Una storia d’amore e il desiderio di creare una famiglia sono il punto di partenza del film di Abdelhamid Bouchnack. Mariem, orfana e senza il velo, e Dalì, un mussulmano che a volte prega e altre no, sono due giovani tunisini che rappresentano l’avanguardia a cui aspira il loro Paese. Tuttavia, la nascita di unə figliə fa emergere e rivela le profonde incertezze che governano una cultura stagnante.

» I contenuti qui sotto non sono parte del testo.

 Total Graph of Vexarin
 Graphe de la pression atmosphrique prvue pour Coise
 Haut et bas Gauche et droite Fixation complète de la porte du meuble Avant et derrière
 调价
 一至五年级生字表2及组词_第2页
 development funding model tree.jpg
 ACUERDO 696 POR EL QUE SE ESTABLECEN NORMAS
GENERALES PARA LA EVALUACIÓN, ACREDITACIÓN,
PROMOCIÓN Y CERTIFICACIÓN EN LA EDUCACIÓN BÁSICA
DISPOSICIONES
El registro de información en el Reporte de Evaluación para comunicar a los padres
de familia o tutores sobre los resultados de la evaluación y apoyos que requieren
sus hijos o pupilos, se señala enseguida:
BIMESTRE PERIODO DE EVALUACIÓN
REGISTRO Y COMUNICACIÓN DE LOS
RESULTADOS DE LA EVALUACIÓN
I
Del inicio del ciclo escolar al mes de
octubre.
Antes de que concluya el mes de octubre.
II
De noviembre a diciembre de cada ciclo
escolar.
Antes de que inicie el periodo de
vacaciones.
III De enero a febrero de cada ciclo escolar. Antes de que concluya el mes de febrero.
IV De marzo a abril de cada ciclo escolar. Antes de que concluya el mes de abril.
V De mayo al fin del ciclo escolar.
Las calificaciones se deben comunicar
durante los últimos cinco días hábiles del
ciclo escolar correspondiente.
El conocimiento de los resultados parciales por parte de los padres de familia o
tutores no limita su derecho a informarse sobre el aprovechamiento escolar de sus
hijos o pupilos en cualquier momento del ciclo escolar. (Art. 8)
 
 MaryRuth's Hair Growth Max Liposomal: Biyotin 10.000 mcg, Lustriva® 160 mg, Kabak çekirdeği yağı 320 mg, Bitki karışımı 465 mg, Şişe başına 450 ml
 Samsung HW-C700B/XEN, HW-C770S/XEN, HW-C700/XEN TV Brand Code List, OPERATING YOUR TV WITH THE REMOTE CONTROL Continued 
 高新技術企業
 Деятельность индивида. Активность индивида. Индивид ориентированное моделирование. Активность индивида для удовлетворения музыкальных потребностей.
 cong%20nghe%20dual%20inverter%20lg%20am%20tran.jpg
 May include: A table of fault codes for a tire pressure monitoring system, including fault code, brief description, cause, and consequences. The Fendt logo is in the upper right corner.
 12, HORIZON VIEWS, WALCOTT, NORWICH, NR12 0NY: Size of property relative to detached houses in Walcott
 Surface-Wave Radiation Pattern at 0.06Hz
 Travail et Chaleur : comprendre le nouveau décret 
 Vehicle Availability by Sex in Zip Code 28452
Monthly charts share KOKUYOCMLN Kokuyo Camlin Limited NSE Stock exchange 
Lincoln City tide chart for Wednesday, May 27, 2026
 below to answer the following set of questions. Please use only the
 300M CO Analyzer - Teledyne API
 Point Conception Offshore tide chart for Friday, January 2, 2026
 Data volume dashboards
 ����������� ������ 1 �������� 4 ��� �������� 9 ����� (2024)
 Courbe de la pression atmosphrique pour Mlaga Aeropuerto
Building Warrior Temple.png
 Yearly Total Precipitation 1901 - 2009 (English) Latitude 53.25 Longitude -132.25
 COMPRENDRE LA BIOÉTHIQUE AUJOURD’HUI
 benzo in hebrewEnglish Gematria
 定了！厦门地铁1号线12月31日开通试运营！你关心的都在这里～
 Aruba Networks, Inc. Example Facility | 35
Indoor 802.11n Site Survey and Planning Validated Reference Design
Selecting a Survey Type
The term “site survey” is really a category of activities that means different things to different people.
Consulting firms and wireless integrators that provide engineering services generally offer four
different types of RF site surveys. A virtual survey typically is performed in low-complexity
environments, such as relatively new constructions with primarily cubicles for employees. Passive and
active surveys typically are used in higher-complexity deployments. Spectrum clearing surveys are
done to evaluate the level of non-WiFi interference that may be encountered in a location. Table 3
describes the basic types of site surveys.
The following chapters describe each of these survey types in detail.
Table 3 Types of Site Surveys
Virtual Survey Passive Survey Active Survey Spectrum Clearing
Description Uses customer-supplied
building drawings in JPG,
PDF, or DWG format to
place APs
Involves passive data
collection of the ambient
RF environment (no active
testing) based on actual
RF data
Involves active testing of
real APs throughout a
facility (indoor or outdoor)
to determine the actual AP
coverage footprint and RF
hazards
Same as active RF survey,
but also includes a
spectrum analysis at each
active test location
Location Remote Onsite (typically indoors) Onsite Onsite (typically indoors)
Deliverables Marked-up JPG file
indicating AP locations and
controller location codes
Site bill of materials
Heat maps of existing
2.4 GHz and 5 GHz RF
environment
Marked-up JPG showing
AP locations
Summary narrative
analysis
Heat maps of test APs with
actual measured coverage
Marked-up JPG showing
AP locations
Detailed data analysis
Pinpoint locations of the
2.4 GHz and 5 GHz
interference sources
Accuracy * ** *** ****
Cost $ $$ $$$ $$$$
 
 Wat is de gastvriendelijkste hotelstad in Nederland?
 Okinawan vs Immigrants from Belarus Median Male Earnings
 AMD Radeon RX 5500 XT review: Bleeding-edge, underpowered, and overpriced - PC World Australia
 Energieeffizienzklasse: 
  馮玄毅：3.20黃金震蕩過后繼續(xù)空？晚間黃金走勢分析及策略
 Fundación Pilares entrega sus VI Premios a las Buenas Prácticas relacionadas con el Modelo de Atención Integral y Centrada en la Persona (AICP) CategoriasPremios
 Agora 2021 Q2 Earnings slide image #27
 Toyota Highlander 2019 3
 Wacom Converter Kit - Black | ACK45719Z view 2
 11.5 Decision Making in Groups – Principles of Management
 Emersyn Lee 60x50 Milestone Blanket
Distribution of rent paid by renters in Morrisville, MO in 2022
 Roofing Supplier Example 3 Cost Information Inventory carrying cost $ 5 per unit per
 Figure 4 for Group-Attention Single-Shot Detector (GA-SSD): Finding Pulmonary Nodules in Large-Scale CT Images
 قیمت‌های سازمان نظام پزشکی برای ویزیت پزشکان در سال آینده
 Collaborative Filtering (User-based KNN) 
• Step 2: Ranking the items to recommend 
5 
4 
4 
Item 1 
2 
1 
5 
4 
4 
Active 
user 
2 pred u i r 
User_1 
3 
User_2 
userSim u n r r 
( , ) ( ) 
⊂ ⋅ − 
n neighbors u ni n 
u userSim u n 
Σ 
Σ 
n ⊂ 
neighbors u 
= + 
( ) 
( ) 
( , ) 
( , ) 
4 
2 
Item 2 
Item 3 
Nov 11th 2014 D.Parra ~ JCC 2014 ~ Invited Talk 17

La narrazione inizialmente è pervasa da dolcezza. I futuri genitori, spesso vicini, condividono l’attesa e la messa in quadro enfatizza il senso di vicinanza: sebbene il quadro sia spesso diviso in due metà simmetriche – in composizioni che ricordano quelle di Wes Anderson -, i protagonisti condividono lo stesso lato dell’inquadratura, simbolo di unione.
Gli equilibri della coppia vengono ribaltati quando l’infermiera comunica ai neo-genitori che lə neonatə è intersessuale. Se, fino a quel momento, il commento sonoro ha accompagnato la quotidianità dei genitori, in questa scena regna il silenzio: le parole, ben scandite dalla dottoressa, giungono alle orecchie di Dalì ed eliminano ogni possibilità di fraintendimento. Dalì è sopraffatto dalla notizia: il motivo di vanto con gli amici al bar “un Uomo mette al mondo un altro Uomo” non ha alcun legame con la realtà.
Come una preghiera, i personaggi ripetono che l’importante è che lə nasciturə sia sanə. Tuttavia, il buon auspicio viene meno dal momento che la salute dellə neonatə passa in secondo piano e che la priorità di Dalì è risolvere in fretta “la questione”. Il film cambia registro e la delicatezza impersonata da Mariem si trasforma in violenza nei comportamenti del padre. Dalì vomita alla vista dei genitali dellə figliə, non lə tiene in braccio e ammette che sarebbe stato meglio fosse mortə. Anche la composizione del quadro, a partire da questo momento, indica una distanza e una separazione: i partner ora si trovano ai lati opposti dell’inquadratura a sottolinearne la lontananza e la frattura tra cultura e natura.
Dopo le lotte di Mariem, sembra che una soluzione sia vicina. La tensione si allenta, lasciando spazio alla speranza che prevalga il bene dellə neonatə: sarà ləi a decidere autonomamente durante la pubertà quale organo sessuale conservare. In un colpo di scena finale Dalì compie un gesto estremo: rapisce lə neonatə e lə porta in ospedale per eliminare uno tra i due genitali.
Nell’ultima scena, un’ellissi temporale mostra Nour (nome intersessuale) adolescente con un’espressione di genere femminile. Inevitabilmente, lo spettatore si domanda quale intervento abbia compiuto il bisturi del chirurgo anni prima, senza però avere una risposta definitiva. Riflettendo sulle complesse tematiche culturali, sociali e religiose sollevate dalla storia, appare evidente che la risposta rimane intrappolata nel problema stesso.